Yesterday he was certain he could mow the front yard with the new ZTR mower he bought this time last year. So, I tried to help him. We moved things around in the garage so he could get to it and once it was out, he really had no trouble at all making wide circles and keeping the shoulder as inactive as possible.
Until the Cottonwood began to fall in blizzards. It stuck to sweaty bodies, flew up our noses, and stuck in our hair. Once it quits for the year, we’ll have to have our air conditioner serviced which will look like it is covered in thick woolen batting. We’ve been here before.

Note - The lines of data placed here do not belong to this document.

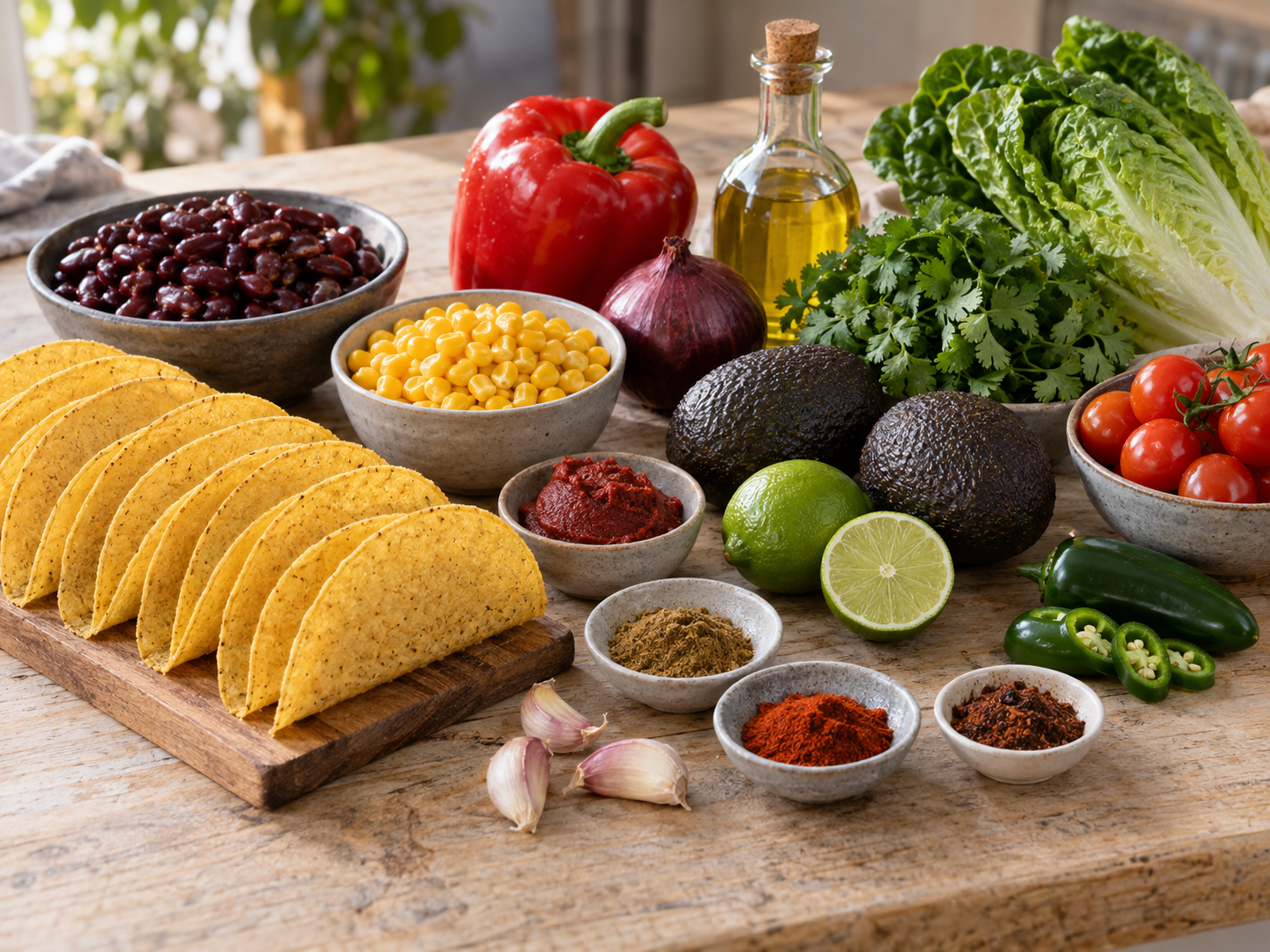 Zutaten für vegetarische Tacos mit Bohnen, Avocado und Gemüse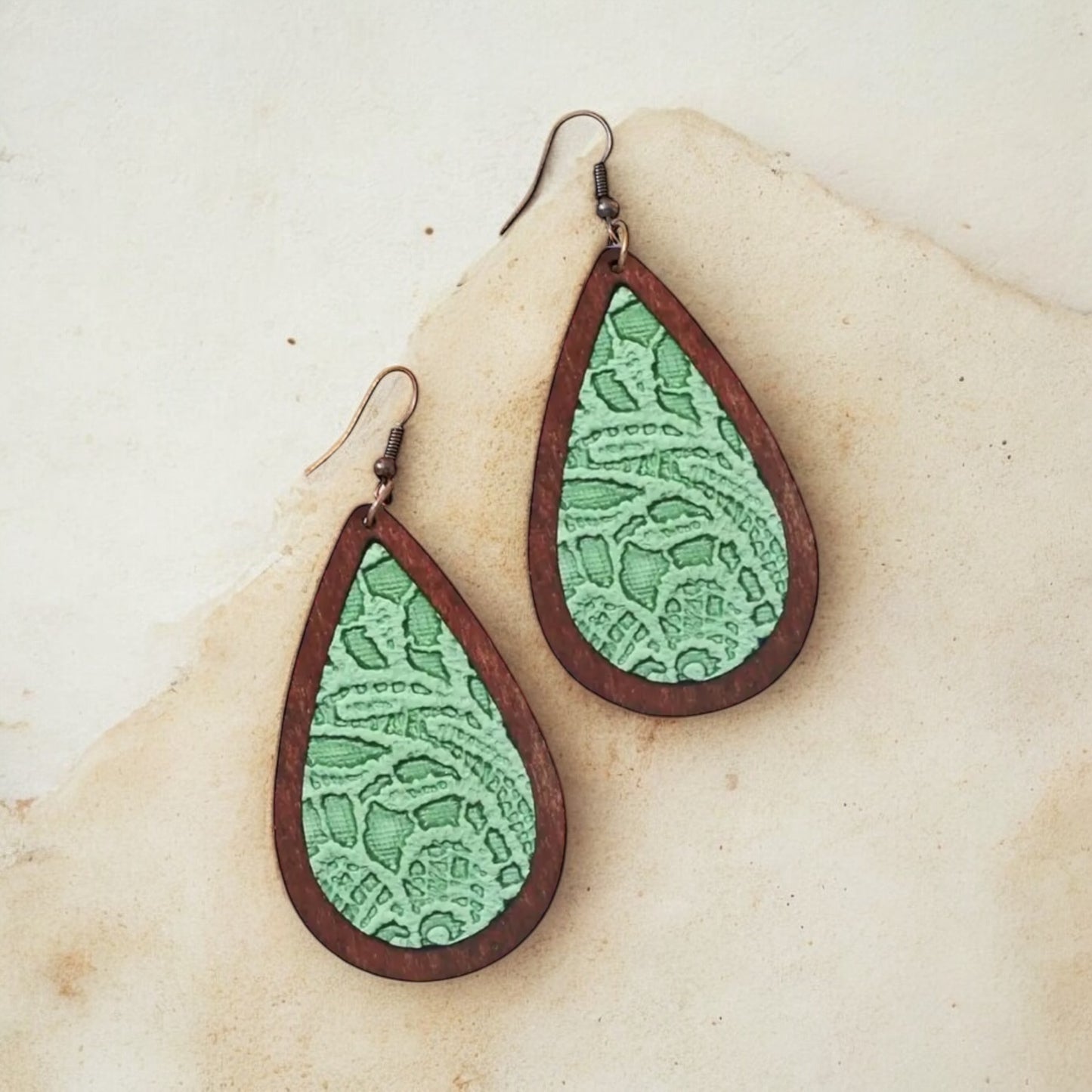 Green Lace and Wood Teardrop Earrings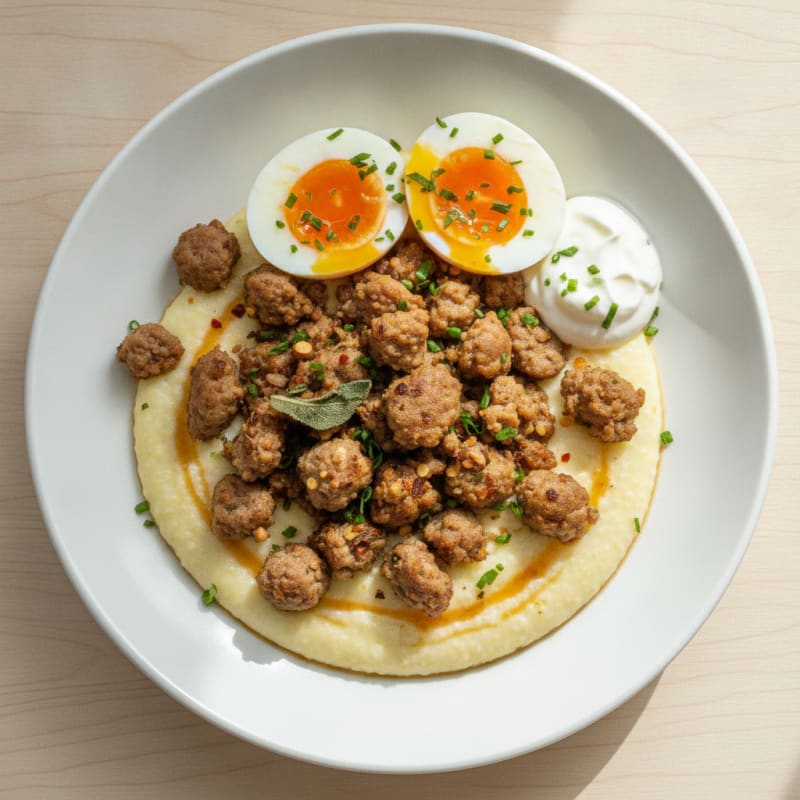 Sausage and Eggs with Creamy Grits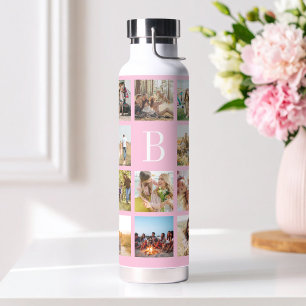 Pink Monogram Personalised 19 Photo Collage Water Bottle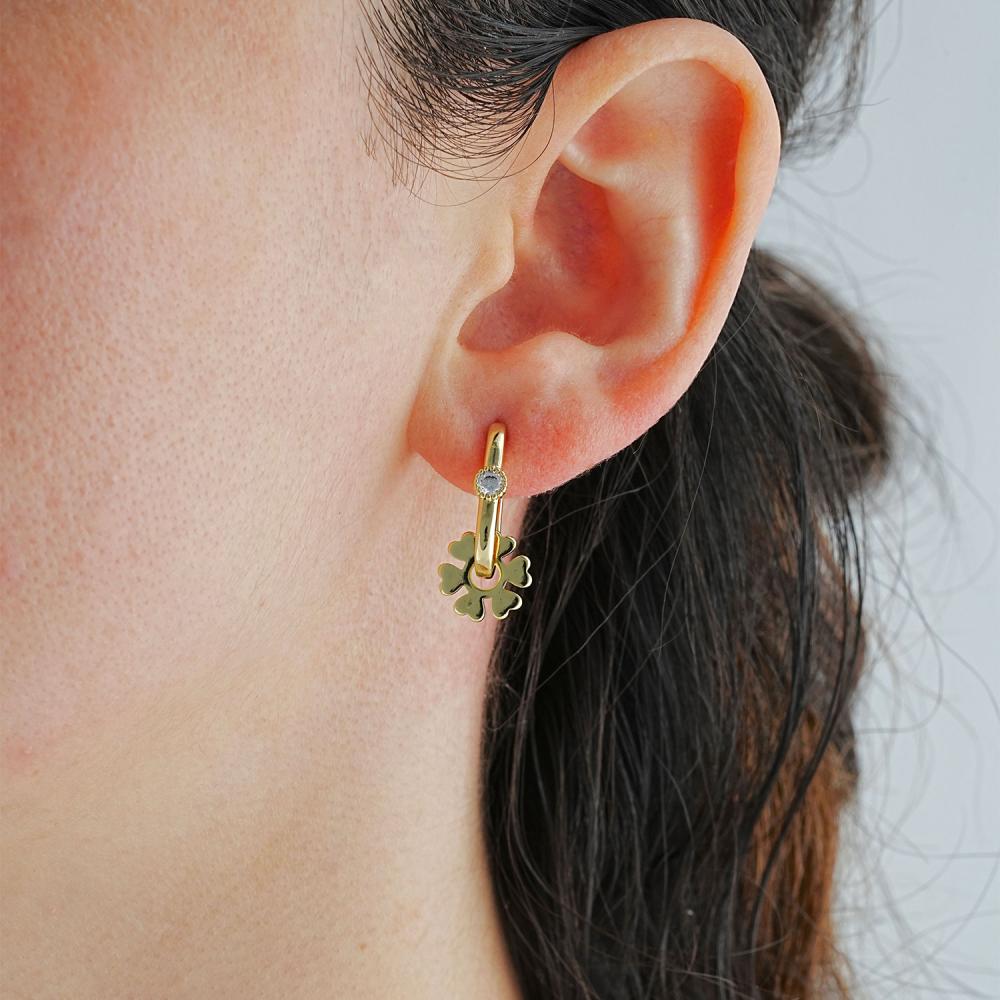 Maral 14 ayar altın rengi göçmen küpe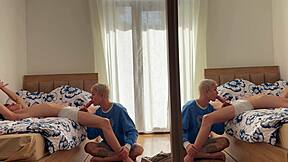slim twink gags on thick cock then gets rimmed raw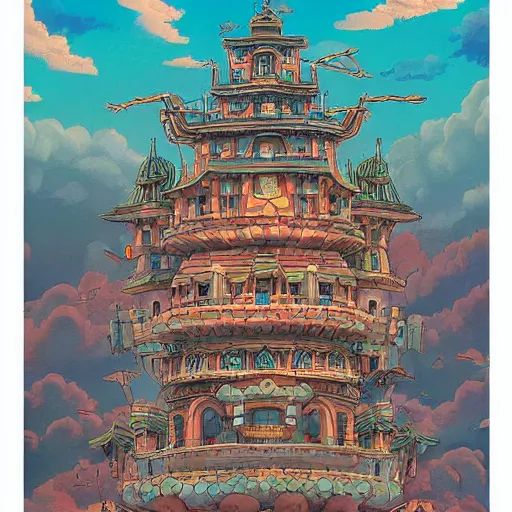 Prompt: intricate illustration, of flying castle, ghibli colorful, cinematic composition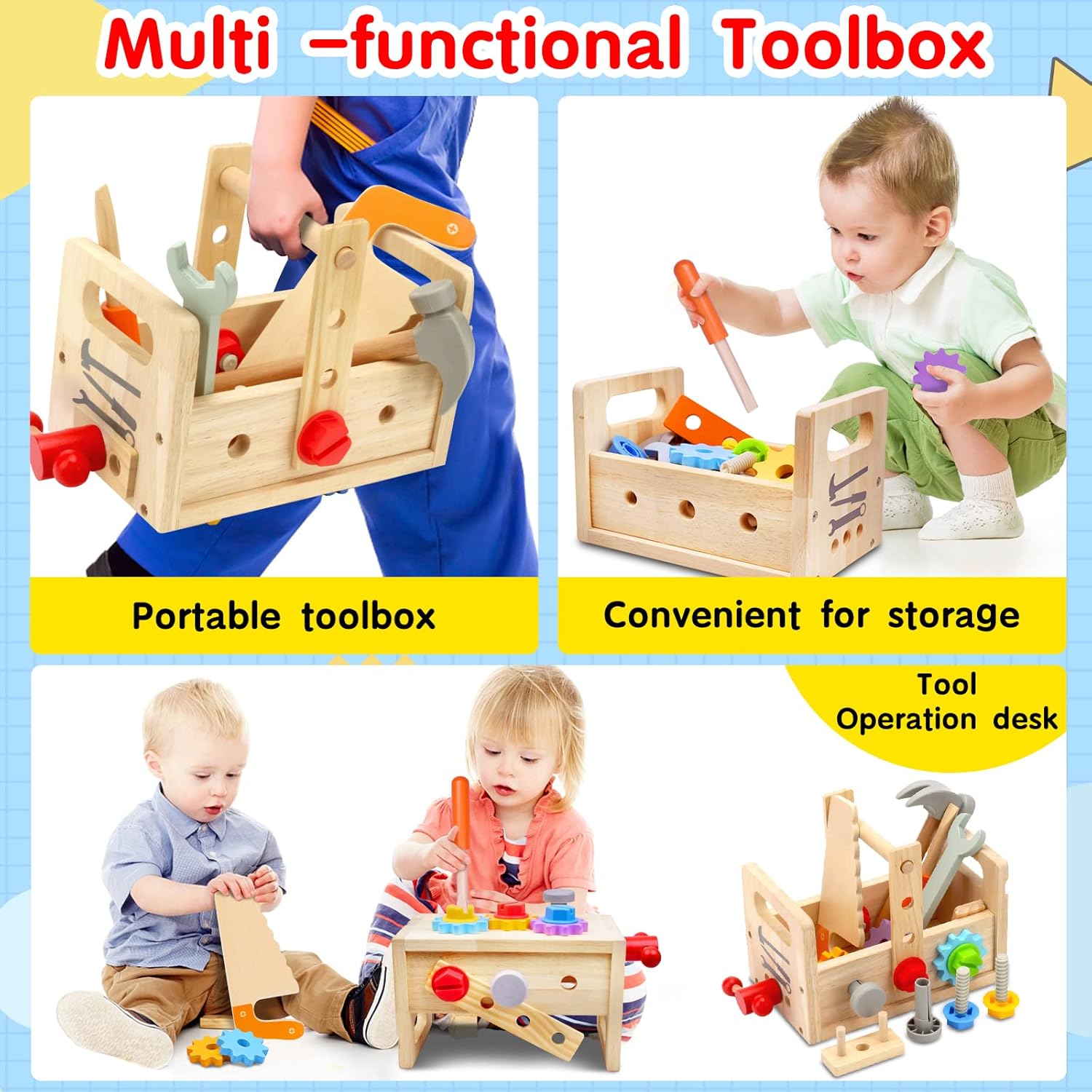 Mgtfbg Kids Tool Set - 29 PCS Wooden Toddler Tool with Box, Montessori STEM Educational Pretend Play Construction Toy for 2 3 4 5 6 Year Old Boys Girls, Best Birthday Gift - Image 4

The neighbor next door has a 100-year-old Cottonwood tree, and it loves the spring when it can show it still has what it takes.
After coming in covered in the white fluff I was inspired to write a poem to express my feelings.
COTTONWOOD WRANGLER
Balls of white gossamer fluff roll across the prairie
And The gardener watches the blizzard in vain.
In true Oklahoma form a funnel of cotton rises into the air on my front porch
I watch knowing nothing can be done until the Cottonwood is spent.
Each spring between Mother’s Day and June, huge puffballs fall from the sky
And the neighbor’s 100-year-old tree once more springs to life to procreate.
Seeds set out on cotton wings – some the size of my hand – and drift into corners
Motivated to growing into a tree like its mother.
And I, the gardener, become a wrangler of Cottonwood babies
Scooping the balls into dust pans and securing them.
I slam down the lid as half escape into the air before they are dumped into trash cans
Headed for the landfill where their dreams of treedom might come true.
So much for gardening. What are you reading this week?
Great poem. Use a “jet” setting on your hose nozzle to clean the cotton off your A/C unit. Save yourself a service call.